Would you please repeat the data exactly as given?

★ ★ ★ ★

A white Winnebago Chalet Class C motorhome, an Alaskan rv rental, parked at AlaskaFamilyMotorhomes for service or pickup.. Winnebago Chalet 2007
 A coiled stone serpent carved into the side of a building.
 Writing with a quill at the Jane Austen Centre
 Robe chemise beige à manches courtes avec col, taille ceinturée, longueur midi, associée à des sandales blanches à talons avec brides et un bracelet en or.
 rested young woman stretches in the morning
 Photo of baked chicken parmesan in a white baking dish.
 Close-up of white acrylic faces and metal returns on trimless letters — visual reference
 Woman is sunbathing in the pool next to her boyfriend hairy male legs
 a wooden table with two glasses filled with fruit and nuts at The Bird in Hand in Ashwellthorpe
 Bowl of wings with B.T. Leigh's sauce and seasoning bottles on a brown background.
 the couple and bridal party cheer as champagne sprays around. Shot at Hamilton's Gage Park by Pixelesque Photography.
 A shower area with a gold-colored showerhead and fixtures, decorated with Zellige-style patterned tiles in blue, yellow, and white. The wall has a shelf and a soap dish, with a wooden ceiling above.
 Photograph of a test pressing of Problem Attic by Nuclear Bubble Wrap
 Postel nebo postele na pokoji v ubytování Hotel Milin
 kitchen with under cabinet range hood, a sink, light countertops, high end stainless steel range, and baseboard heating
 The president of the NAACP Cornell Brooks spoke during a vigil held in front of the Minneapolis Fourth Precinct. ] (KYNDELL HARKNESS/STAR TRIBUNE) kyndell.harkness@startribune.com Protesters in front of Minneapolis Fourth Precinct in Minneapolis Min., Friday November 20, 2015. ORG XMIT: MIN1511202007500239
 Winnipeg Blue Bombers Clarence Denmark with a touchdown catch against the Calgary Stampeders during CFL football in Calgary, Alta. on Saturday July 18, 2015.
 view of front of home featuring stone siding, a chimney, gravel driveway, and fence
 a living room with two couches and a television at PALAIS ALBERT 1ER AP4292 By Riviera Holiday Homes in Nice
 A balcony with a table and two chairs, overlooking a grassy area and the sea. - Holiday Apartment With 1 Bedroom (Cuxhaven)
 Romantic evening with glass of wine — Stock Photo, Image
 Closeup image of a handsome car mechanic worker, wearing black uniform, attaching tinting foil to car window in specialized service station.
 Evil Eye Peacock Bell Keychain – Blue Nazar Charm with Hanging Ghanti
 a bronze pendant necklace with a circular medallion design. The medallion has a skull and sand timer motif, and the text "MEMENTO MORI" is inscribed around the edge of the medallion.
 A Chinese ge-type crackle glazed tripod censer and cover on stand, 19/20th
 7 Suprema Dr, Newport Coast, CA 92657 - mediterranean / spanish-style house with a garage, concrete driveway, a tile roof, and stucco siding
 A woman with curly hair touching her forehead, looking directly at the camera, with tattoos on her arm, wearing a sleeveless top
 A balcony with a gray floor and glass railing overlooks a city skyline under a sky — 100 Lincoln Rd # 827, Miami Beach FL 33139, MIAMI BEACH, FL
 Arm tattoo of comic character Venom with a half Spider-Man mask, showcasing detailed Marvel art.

★ ★ ★ ★

**Exercise result**
A white Winnebago Chalet Class C motorhome, an Alaskan rv rental, parked at AlaskaFamilyMotorhomes for service or pickup.. Winnebago Chalet 2007
 A coiled stone serpent carved into the side of a building.
 Writing with a quill at the Jane Austen Centre
 Robe chemise beige à manches courtes avec col, taille ceinturée, longueur midi, associée à des sandales blanches à talons avec brides et un bracelet en or.
 rested young woman stretches in the morning
 Photo of baked chicken parmesan in a white baking dish.
 Close-up of white acrylic faces and metal returns on trimless letters — visual reference
 Woman is sunbathing in the pool next to her boyfriend hairy male legs
 a wooden table with two glasses filled with fruit and nuts at The Bird in Hand in Ashwellthorpe
 Bowl of wings with B.T. Leigh's sauce and seasoning bottles on a brown background.
 the couple and bridal party cheer as champagne sprays around. Shot at Hamilton's Gage Park by Pixelesque Photography.
 A shower area with a gold-colored showerhead and fixtures, decorated with Zellige-style patterned tiles in blue, yellow, and white. The wall has a shelf and a soap dish, with a wooden ceiling above.
 Photograph of a test pressing of Problem Attic by Nuclear Bubble Wrap
 Postel nebo postele na pokoji v ubytování Hotel Milin
 kitchen with under cabinet range hood, a sink, light countertops, high end stainless steel range, and baseboard heating
 The president of the NAACP Cornell Brooks spoke during a vigil held in front of the Minneapolis Fourth Precinct. ] (KYNDELL HARKNESS/STAR TRIBUNE) kyndell.harkness@startribune.com Protesters in front of Minneapolis Fourth Precinct in Minneapolis Min., Friday November 20, 2015. ORG XMIT: MIN1511202007500239
 Winnipeg Blue Bombers Clarence Denmark with a touchdown catch against the Calgary Stampeders during CFL football in Calgary, Alta. on Saturday July 18, 2015.
 view of front of home featuring stone siding, a chimney, gravel driveway, and fence
 a living room with two couches and a television at PALAIS ALBERT 1ER AP4292 By Riviera Holiday Homes in Nice
 A balcony with a table and two chairs, overlooking a grassy area and the sea. - Holiday Apartment With 1 Bedroom (Cuxhaven)
 Romantic evening with glass of wine — Stock Photo, Image
 Closeup image of a handsome car mechanic worker, wearing black uniform, attaching tinting foil to car window in specialized service station.
 Evil Eye Peacock Bell Keychain – Blue Nazar Charm with Hanging Ghanti
 a bronze pendant necklace with a circular medallion design. The medallion has a skull and sand timer motif, and the text "MEMENTO MORI" is inscribed around the edge of the medallion.
 A Chinese ge-type crackle glazed tripod censer and cover on stand, 19/20th
 7 Suprema Dr, Newport Coast, CA 92657 - mediterranean / spanish-style house with a garage, concrete driveway, a tile roof, and stucco siding
 A woman with curly hair touching her forehead, looking directly at the camera, with tattoos on her arm, wearing a sleeveless top
 A balcony with a gray floor and glass railing overlooks a city skyline under a sky — 100 Lincoln Rd # 827, Miami Beach FL 33139, MIAMI BEACH, FL
 Arm tattoo of comic character Venom with a half Spider-Man mask, showcasing detailed Marvel art.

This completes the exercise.